• [Exercise description] The entries that follow need to be reproduced exactly, minus any images.

Dataset excerpts:
-=-=-

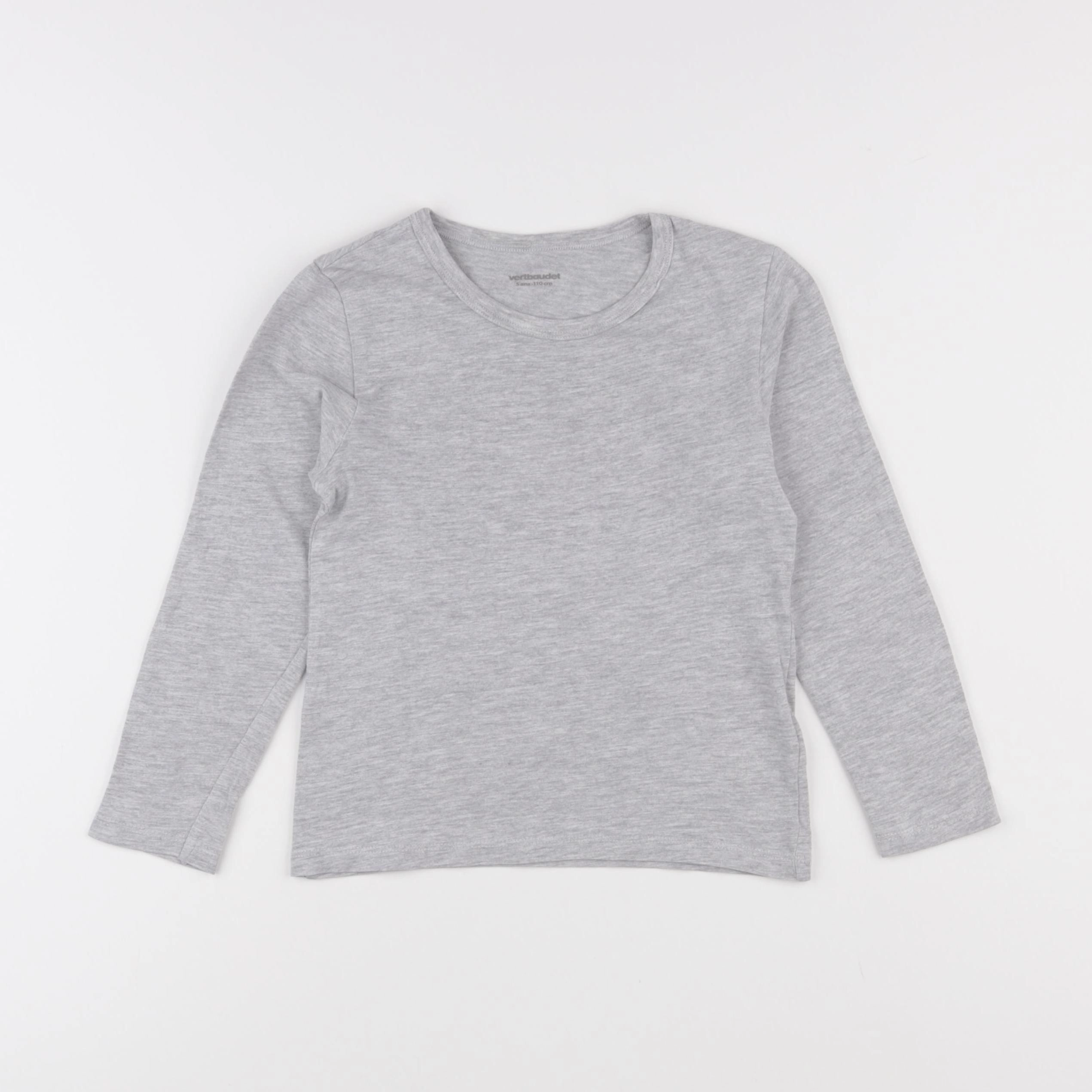 Vertbaudet - maillot de corps gris - 5 ans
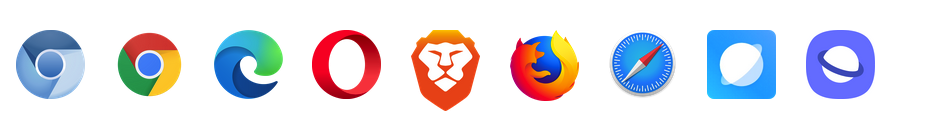 Web Browser Icons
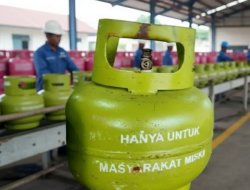 Stok LPG 3 Kg Jambi Aman Jelang Ramadan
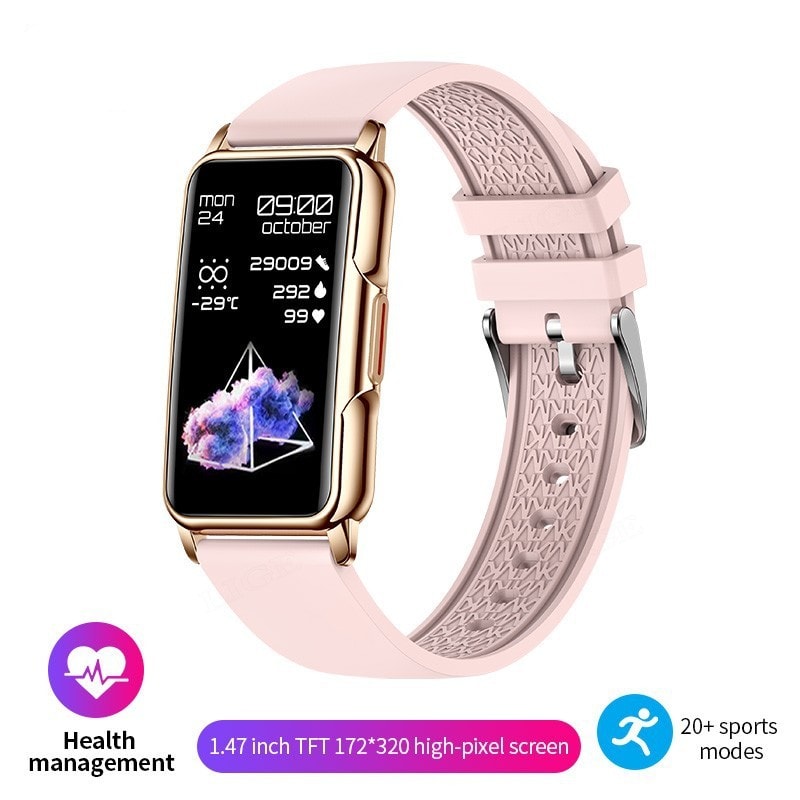 Outdoor Smart Sport Bracelet Multi-functional Health Monitoring Watch Women view 25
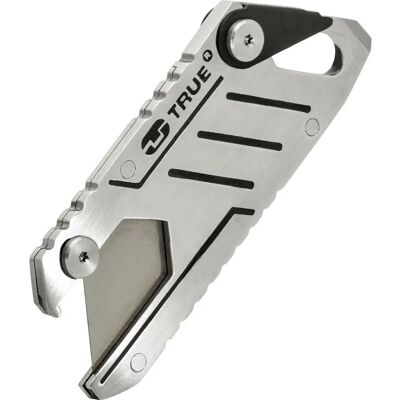 True Utility Boxcutter - Multifunktionswerkzeug mit Schraubenzieher & Flaschenöffner True Utility Boxcutter - Multifunktionswerkzeug mit Schraubenzieher & Flaschenöffner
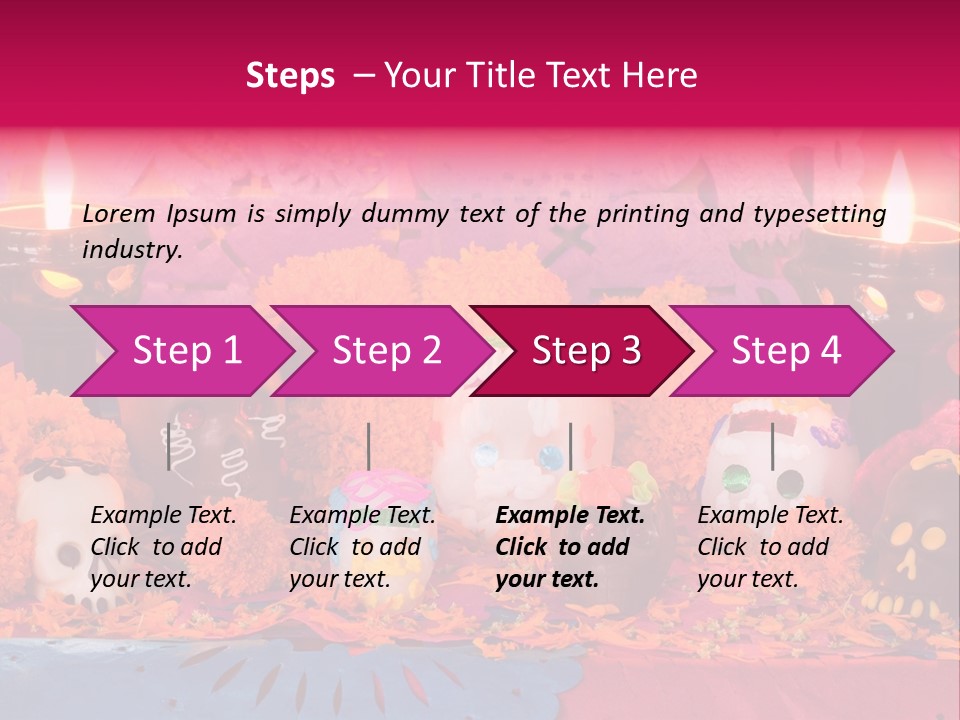 Mexico Tradition Folklore PowerPoint Template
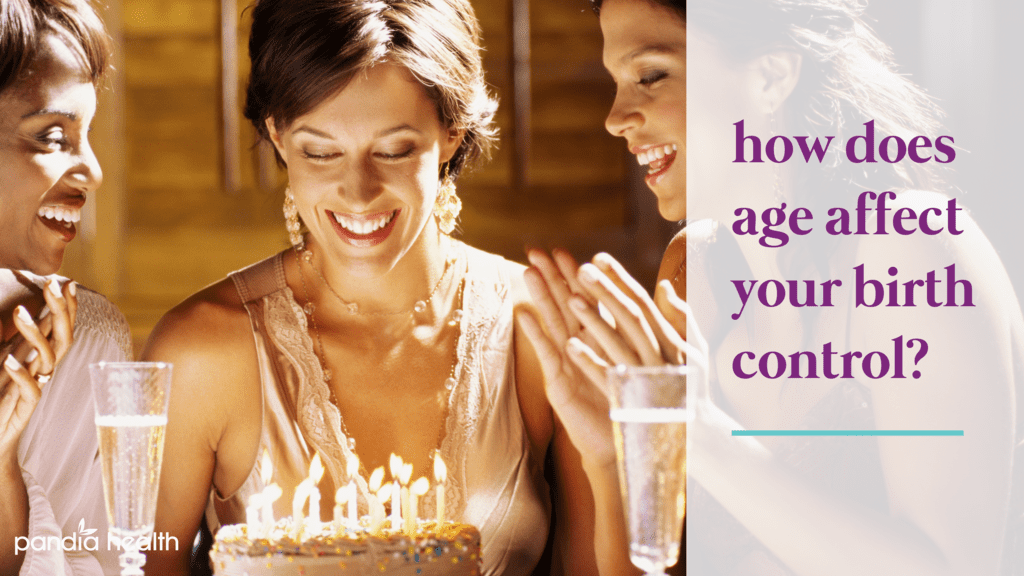 how does age affect your birth control women smiling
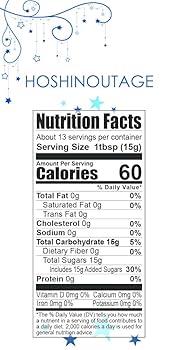 Nutrition Facts::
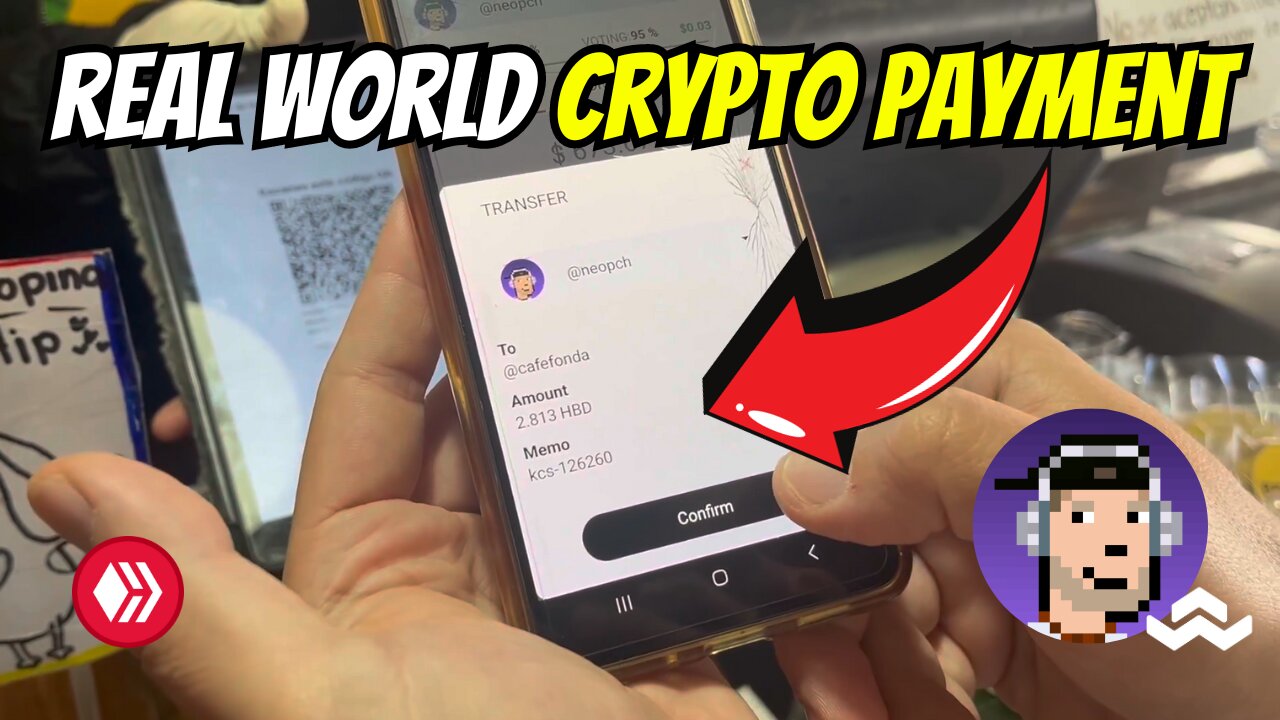 How to Pay for Coffee with Crypto in Real World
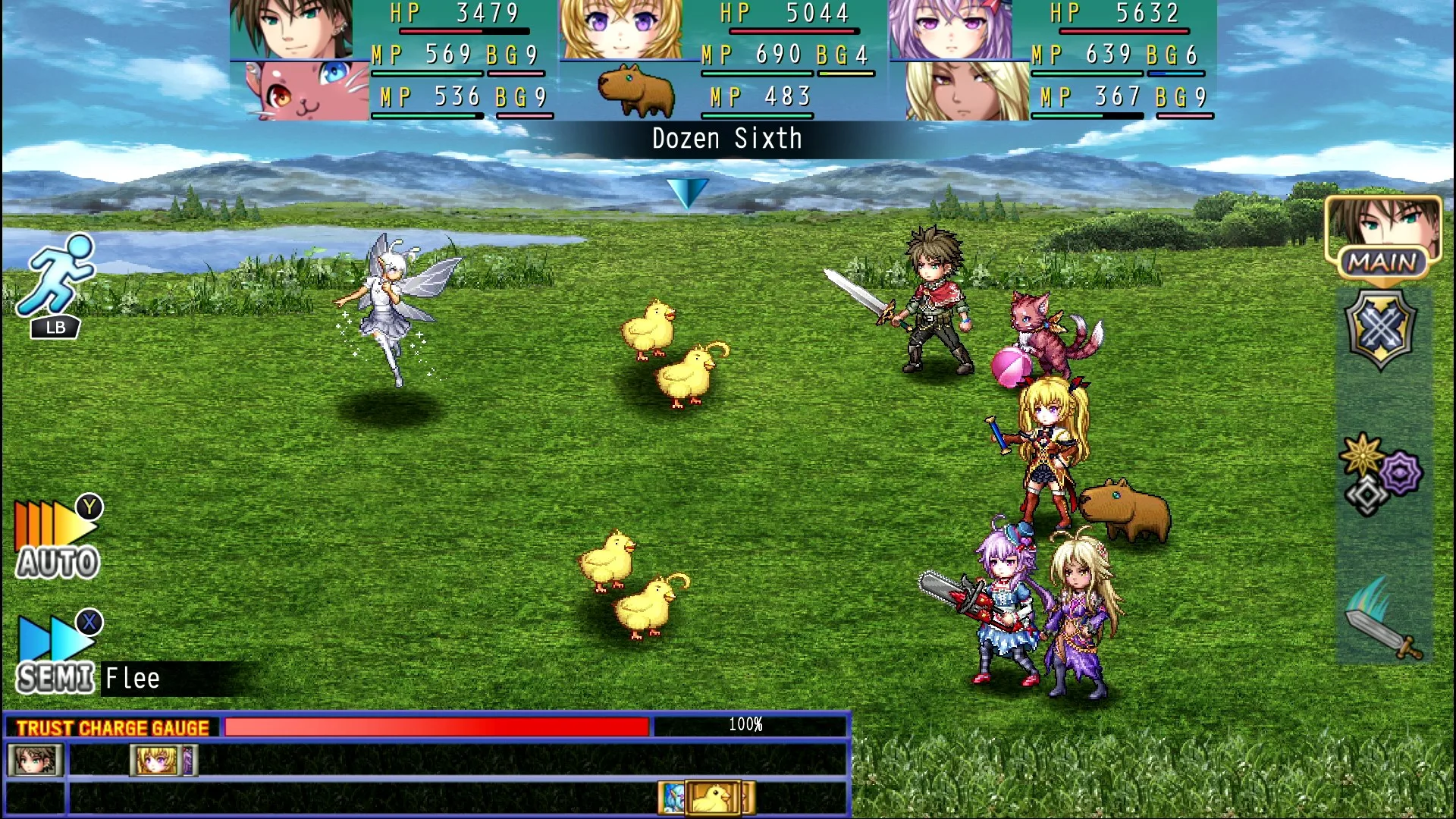 Asdivine Hearts II screenshot 5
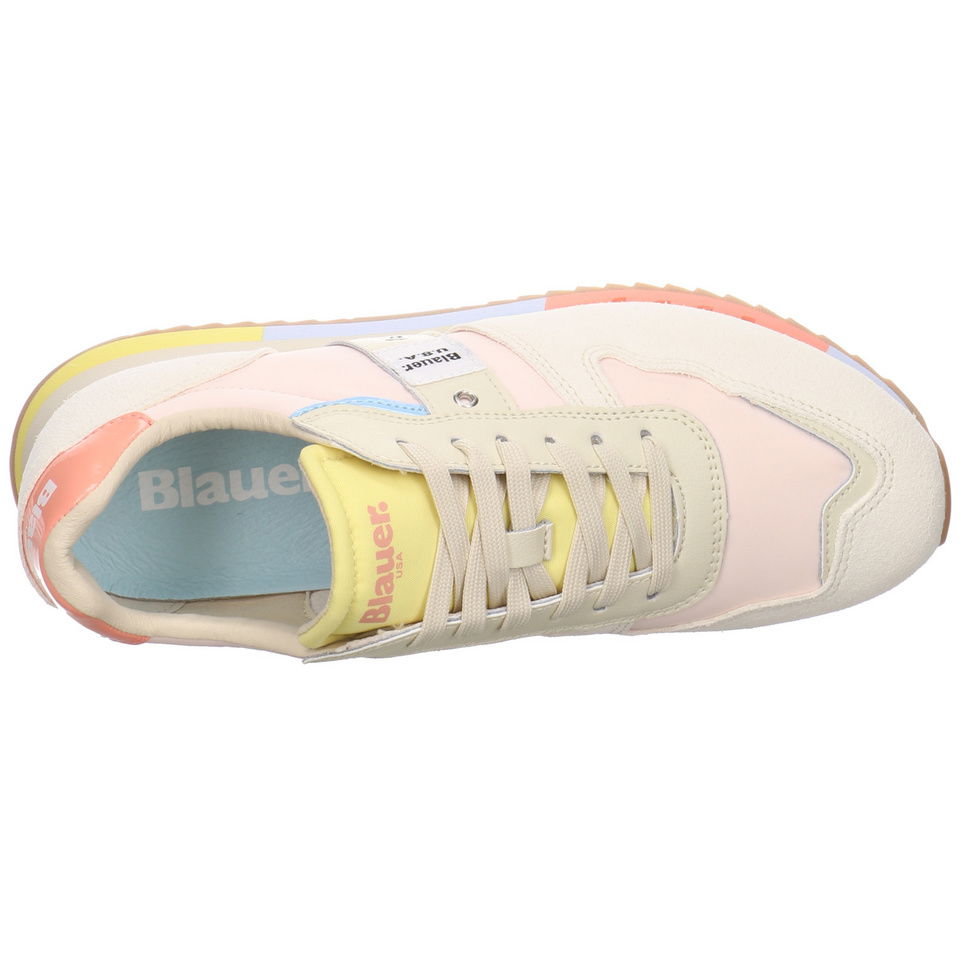 Blauer Melrose Sneaker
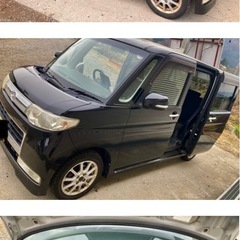 タント　フルタイム4WD 車検長野　キーレスエントリー(今月中お取引が出来る方18万円)の画像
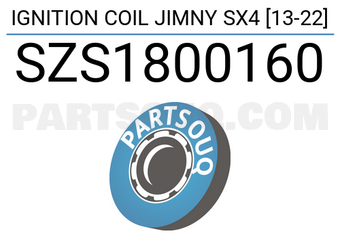 SCHNIEDER SZS1800160 IGNITION COIL JIMNY SX4 [13-22]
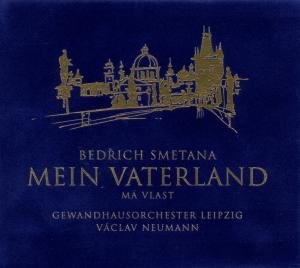 Cover for Smetana / Lgo / Neumann · Ma Vlast (CD) (2010)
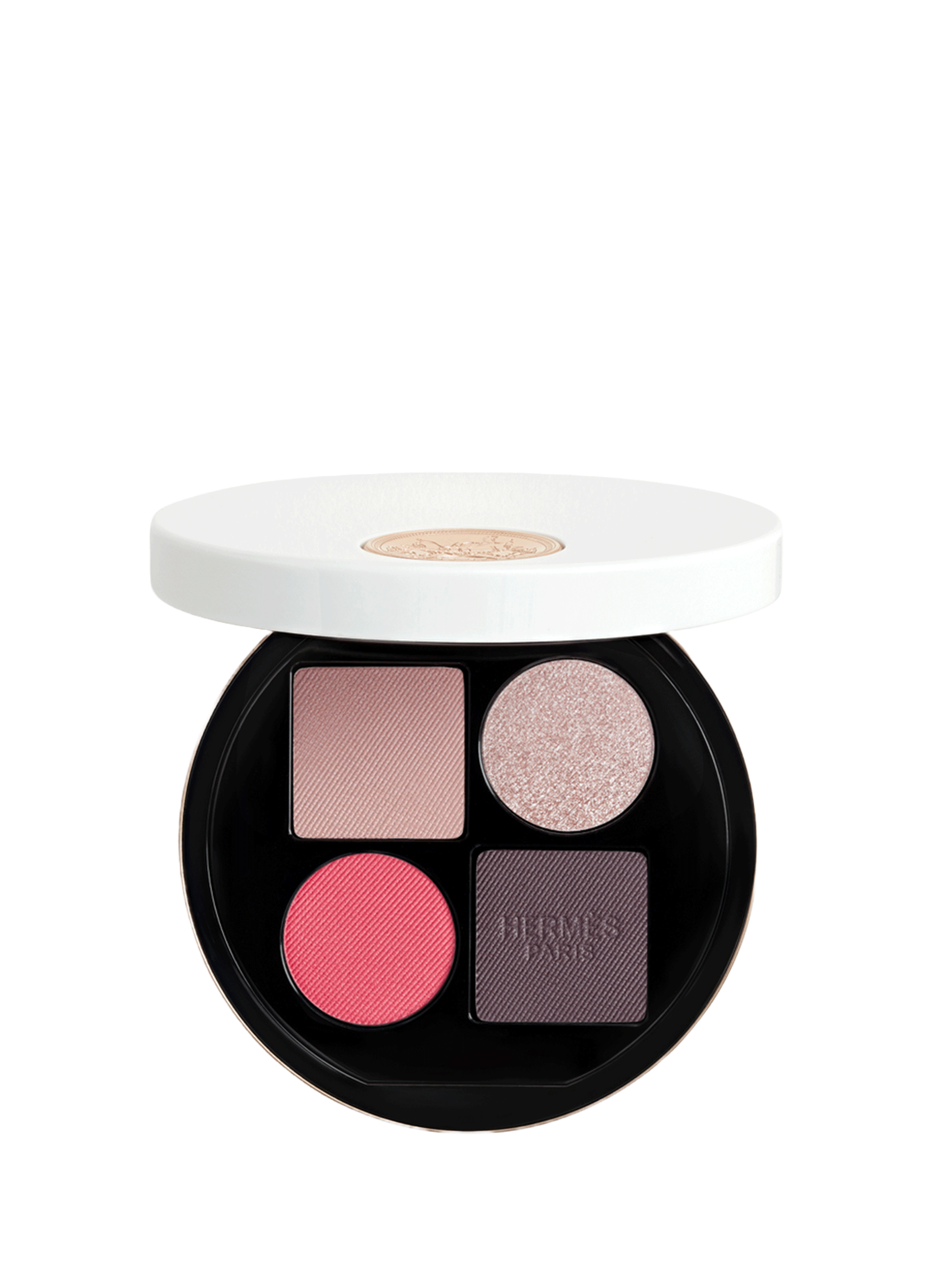 Ombres d?Hermès quad eyeshadow palette, Ombres Pétales HERMÈS Ombres pétales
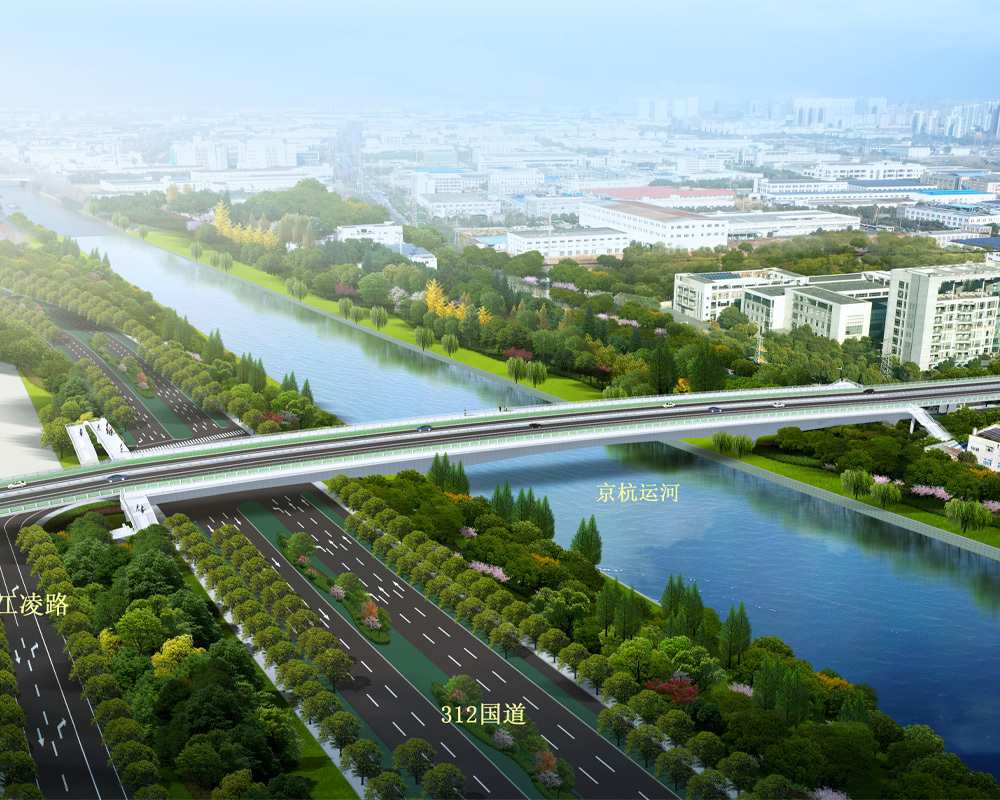 振中路跨運(yùn)河橋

-=-=-

• [Completed exercise]
 Vertbaudet - maillot de corps gris - 5 ans
 Web Browser Icons
 Stok LPG 3 Kg Jambi Aman Jelang Ramadan
 Outdoor Smart Sport Bracelet Multi-functional Health Monitoring Watch Women view 25
 True Utility Boxcutter - Multifunktionswerkzeug mit Schraubenzieher & Flaschenöffner True Utility Boxcutter - Multifunktionswerkzeug mit Schraubenzieher & Flaschenöffner
 Mexico Tradition Folklore PowerPoint Template
 how does age affect your birth control women smiling
 Nutrition Facts::
 How to Pay for Coffee with Crypto in Real World
 Asdivine Hearts II screenshot 5
 Blauer Melrose Sneaker
 タント　フルタイム4WD 車検長野　キーレスエントリー(今月中お取引が出来る方18万円)の画像
 SCHNIEDER SZS1800160 IGNITION COIL JIMNY SX4 [13-22]
 Cover for Smetana / Lgo / Neumann · Ma Vlast (CD) (2010)
 Ombres d?Hermès quad eyeshadow palette, Ombres Pétales HERMÈS Ombres pétales
 振中路跨運(yùn)河橋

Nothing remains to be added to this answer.